[WORK REQUIRED] Using the listing below, output only the lines from the one that contains "Franklin Sports NFL" through the one that contains "Mackage Tee-W T-Shirt", inclusive, exactly as given and without images.

[RAW DATA]
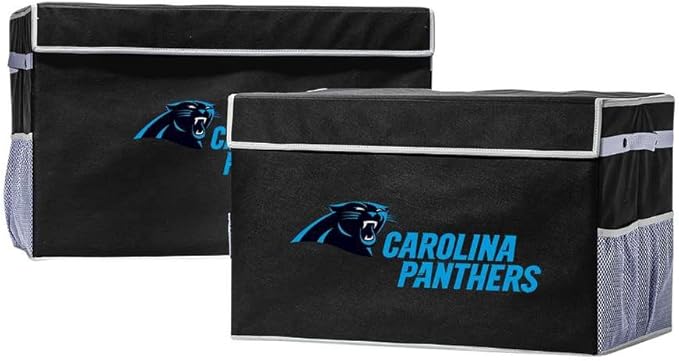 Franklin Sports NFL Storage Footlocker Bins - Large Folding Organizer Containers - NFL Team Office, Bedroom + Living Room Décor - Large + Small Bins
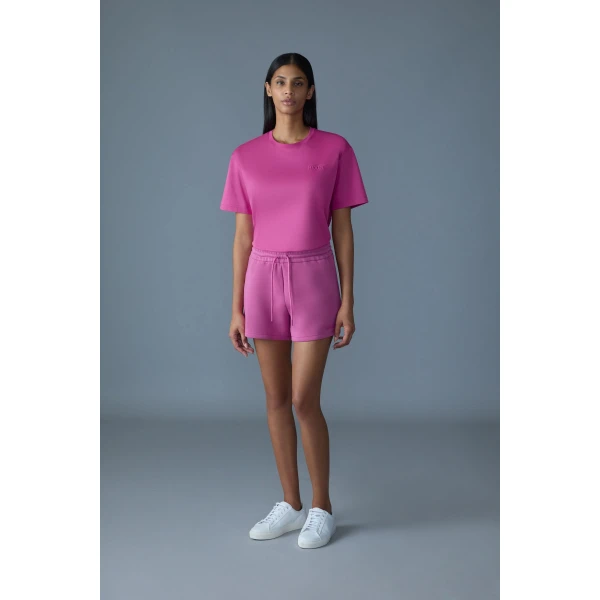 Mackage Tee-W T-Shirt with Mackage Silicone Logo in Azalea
...
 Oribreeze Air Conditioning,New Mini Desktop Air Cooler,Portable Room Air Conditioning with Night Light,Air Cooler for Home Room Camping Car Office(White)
==
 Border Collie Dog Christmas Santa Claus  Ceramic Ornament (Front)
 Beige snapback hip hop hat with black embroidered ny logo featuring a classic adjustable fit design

[SOLUTION]
 Franklin Sports NFL Storage Footlocker Bins - Large Folding Organizer Containers - NFL Team Office, Bedroom + Living Room Décor - Large + Small Bins
 Mackage Tee-W T-Shirt with Mackage Silicone Logo in Azalea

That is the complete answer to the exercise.